13. Invest in the securities of any company if the purchase, at the time
thereof, would cause more than 5 percent of the value of the Fund's total assets
to be invested in companies which, including predecessors and parents, have a
record of less than three years of continuous operation.
14. Invest in companies to exercise control or management.
15. Buy any securities or other property on margin, or purchase or sell
puts or calls, or combinations thereof.
16. Engage in short sales of securities except to the extent that it owns
other securities convertible into an equivalent amount of such securities. These
short sales may only be made to protect a profit in or to attempt to minimize a
loss with respect to convertible securities. In any event no more than 10
percent of the Fund's net assets valued at market may, at any time, be held as
collateral for such sales.
Some of the practices described above prohibit particular practices. Other
policies (paragraphs 2, 4, 5, 12, 13, and 16) permit specified practices but
limit the portion of the Fund's assets that may be so invested. Subject to the
investment restriction, the Fund expects to engage in the practices described in
paragraph 5 (restricted securities). (See the Prospectus for additional
information). The Fund has no intention of engaging in the other permitted
practices in the foreseeable future.
================================================================================
ADDITIONAL INFORMATION REGARDING CERTAIN INVESTMENTS BY THE FUND
================================================================================
Investments by the Fund
Securities held by the Fund may include a variety of fixed income debt
securities, such as bonds, debentures, notes, equipment trust certificates,
short-term obligations (those having maturities of 12 months or less), such as
prime commercial paper and bankers' acceptances, domestic certificates of
deposit, obligations of or guaranteed by the U.S. Government and its agencies or
instrumentalities, Government National Mortgage Association "GNMA"
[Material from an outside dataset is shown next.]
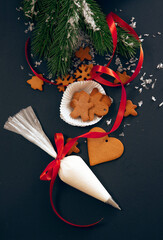 Christmas gingerbread cookies with fir festive decoration with snow and pastry bag with icing on black background, view from above. Holiday food, homemade baking, Christmas and New Year traditions. - 385777650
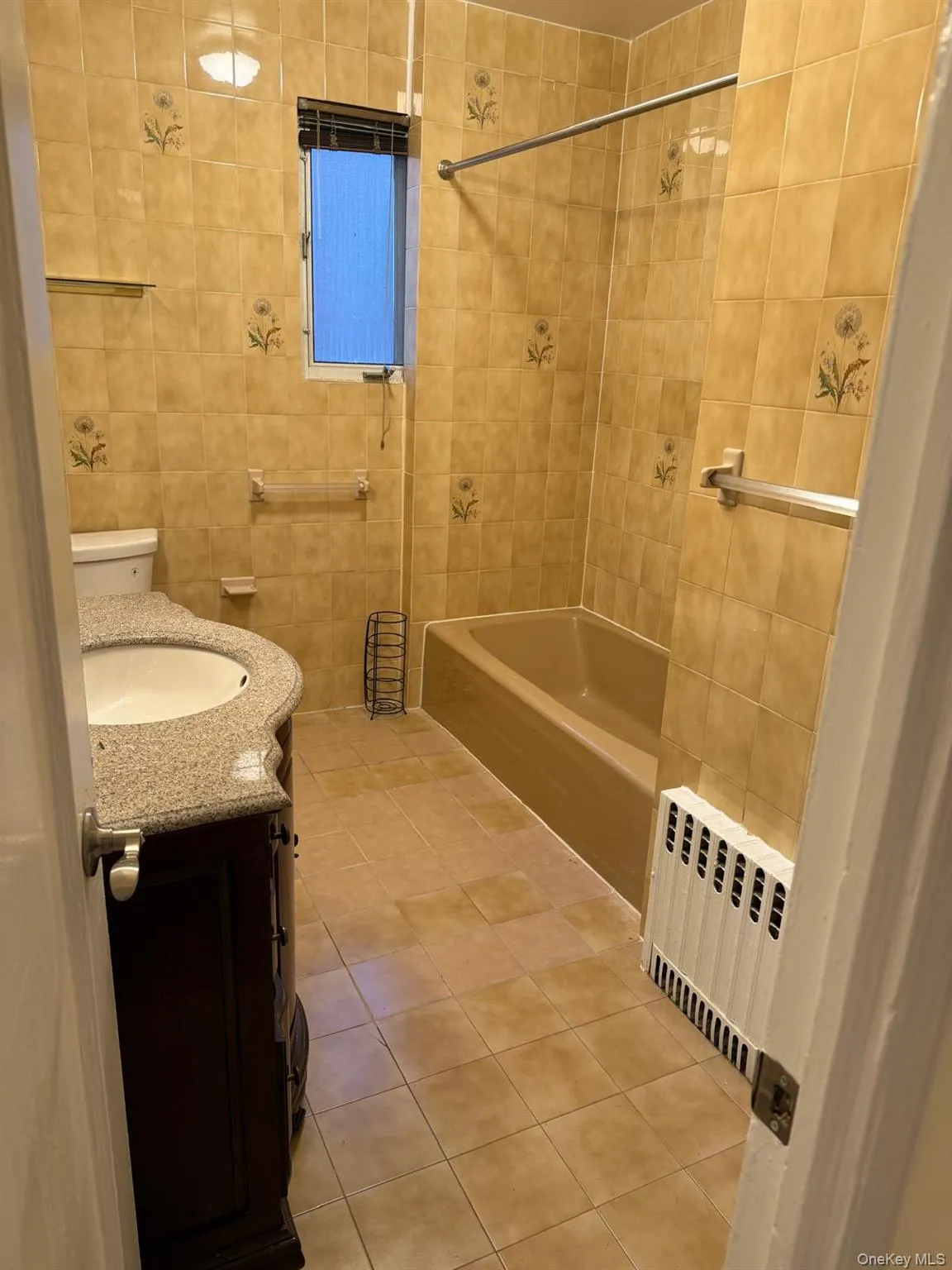 Full bath with vanity, light tile patterned floors, radiator, tile walls, and tub / shower combination Full bath with vanity, light tile patterned floors, radiator, tile walls, and tub / shower combination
mortgage-backed certificates and other similar securities representing ownership
in a pool of loans ("pass-through securities"), and repurchase agreements with
banks or securities dealers relating to these securities. Portfolio securities
may have variable or "floating" interest rates. Information regarding certain of
these securities is included below. Investments may also be made in fixed income
preferred stocks. Debt securities and preferred stocks may be convertible into,
or exchangeable for, common stocks, and may have warrants attached.
Depending on prevailing market conditions, debt securities may be purchased
at a discount from face value, producing a yield of more than the coupon rate,
or at a premium over face value, producing a yield of less than the coupon rate.
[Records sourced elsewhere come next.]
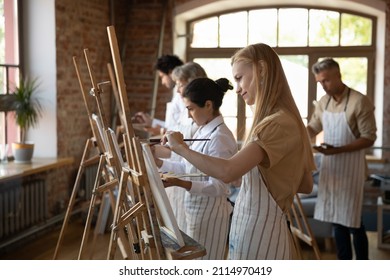 Multiethnic group of art school students drawing in paints at easels, standing in row, using brushes, enjoying creative activities, craft hobby, mastering, improving new skills, taking workshop - Powered by Shutterstock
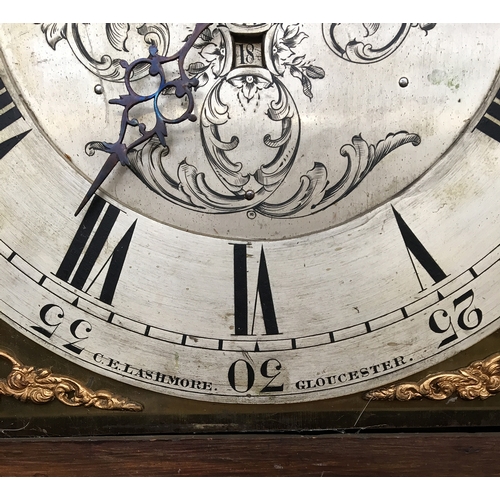 733 - A longcase clock by C E Lashmore, Gloucester, the domed oak case with broken pediment, profusely car... 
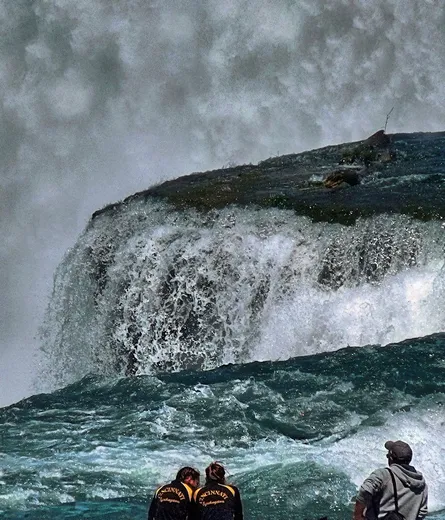 People near waterfall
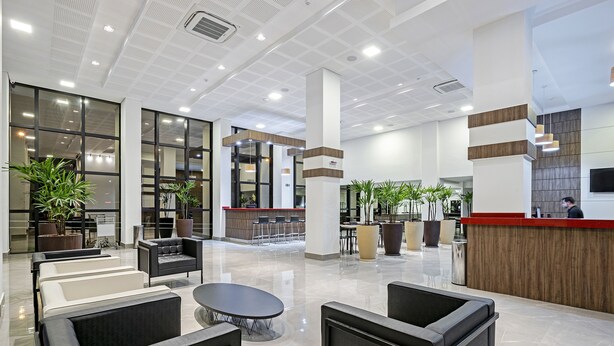 A spacious lobby with seating areas, a reception desk, and large windows. - Slim Guarapuava (Guarapuava)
In making investment decisions, the Adviser will consider factors other than
current yield, such as preservation of capital, maturity, and yield to maturity.
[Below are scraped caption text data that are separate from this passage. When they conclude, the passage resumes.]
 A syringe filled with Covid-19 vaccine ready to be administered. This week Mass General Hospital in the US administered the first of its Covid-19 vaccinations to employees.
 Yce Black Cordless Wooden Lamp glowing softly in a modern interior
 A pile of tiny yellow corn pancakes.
Common stocks acquired through exercise of conversion rights or warrants or
acceptance of exchange or similar offers will not be retained in the portfolio.
Orderly disposition of these equity securities will be made consistent with
management's judgment as to the best obtainable price.
11
<PAGE>
To achieve its investment objective, the Fund expects to invest a major
portion (normally at least 95 percent) of its fixed income in investment grade
debt securities. "Investment grade" debt securities are considered to be those
which at the time of the investment are (a) rated Baa or higher by Moody's
Investor Services, Inc. ("Moody's"), (b) rated BBB or higher by Standard and
Poor's Corporation ("S&P"), or (c) unrated, but believed by the Adviser for the
Fund to be equivalent to securities with those ratings. Up to five percent of
the Fund's assets may be invested in lower grade securities (rated Ba or B by
Moody's or BB or B by S&P), commonly referred to as "junk bonds" when the Fund's
Adviser believes these securities present attractive investment opportunities
notwithstanding their speculative characteristics. See the Prospectus under
"Additional Information" for a description of corporate bond ratings.
Government Securities
Government securities may be either direct obligations of the U.S. Treasury
or may be the obligations of an agency or instrumentality of the United States.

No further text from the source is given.